◆ DESCRIPTION OF THE TASK ◆
In the data below, find the line containing "Short-eared elephant shrews", then set down that line and every later line up to and including the line containing "Hey everyone, I'm", exactly.

(Dataset records)
BEGIN

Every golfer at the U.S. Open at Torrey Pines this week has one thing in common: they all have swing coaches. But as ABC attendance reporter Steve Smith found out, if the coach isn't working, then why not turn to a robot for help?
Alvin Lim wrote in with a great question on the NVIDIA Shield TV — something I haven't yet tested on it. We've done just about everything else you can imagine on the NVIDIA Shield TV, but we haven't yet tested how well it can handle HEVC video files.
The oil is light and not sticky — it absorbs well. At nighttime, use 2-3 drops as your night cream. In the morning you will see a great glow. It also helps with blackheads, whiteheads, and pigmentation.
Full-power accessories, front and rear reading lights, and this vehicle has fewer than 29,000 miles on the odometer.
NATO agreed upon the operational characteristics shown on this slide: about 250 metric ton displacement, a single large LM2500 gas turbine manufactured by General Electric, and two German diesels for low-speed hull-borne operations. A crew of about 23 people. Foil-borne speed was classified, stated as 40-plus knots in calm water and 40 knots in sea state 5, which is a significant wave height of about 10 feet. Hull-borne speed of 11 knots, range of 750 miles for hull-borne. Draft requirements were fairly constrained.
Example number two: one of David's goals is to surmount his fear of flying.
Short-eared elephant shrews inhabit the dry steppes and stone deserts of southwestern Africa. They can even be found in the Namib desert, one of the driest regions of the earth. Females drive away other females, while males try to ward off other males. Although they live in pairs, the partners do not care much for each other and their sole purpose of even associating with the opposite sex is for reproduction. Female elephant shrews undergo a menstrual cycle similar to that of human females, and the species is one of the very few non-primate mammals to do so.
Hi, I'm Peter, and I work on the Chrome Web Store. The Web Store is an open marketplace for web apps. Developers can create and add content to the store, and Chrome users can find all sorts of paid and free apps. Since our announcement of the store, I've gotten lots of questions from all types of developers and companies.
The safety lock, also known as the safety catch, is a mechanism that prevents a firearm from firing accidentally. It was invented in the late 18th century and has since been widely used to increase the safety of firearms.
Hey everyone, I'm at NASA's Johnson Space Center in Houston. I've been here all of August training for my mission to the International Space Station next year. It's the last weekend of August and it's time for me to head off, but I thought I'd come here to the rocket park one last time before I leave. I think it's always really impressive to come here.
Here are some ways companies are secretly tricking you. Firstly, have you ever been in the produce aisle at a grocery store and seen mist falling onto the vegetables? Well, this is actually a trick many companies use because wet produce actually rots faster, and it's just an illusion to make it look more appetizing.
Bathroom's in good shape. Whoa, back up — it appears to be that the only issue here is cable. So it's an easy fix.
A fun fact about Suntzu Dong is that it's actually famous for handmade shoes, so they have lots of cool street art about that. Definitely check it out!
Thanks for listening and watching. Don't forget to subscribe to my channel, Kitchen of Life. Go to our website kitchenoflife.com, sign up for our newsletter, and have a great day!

END

◆ SOLUTION ◆
Short-eared elephant shrews inhabit the dry steppes and stone deserts of southwestern Africa. They can even be found in the Namib desert, one of the driest regions of the earth. Females drive away other females, while males try to ward off other males. Although they live in pairs, the partners do not care much for each other and their sole purpose of even associating with the opposite sex is for reproduction. Female elephant shrews undergo a menstrual cycle similar to that of human females, and the species is one of the very few non-primate mammals to do so.
Hi, I'm Peter, and I work on the Chrome Web Store. The Web Store is an open marketplace for web apps. Developers can create and add content to the store, and Chrome users can find all sorts of paid and free apps. Since our announcement of the store, I've gotten lots of questions from all types of developers and companies.
The safety lock, also known as the safety catch, is a mechanism that prevents a firearm from firing accidentally. It was invented in the late 18th century and has since been widely used to increase the safety of firearms.
Hey everyone, I'm at NASA's Johnson Space Center in Houston. I've been here all of August training for my mission to the International Space Station next year. It's the last weekend of August and it's time for me to head off, but I thought I'd come here to the rocket park one last time before I leave. I think it's always really impressive to come here.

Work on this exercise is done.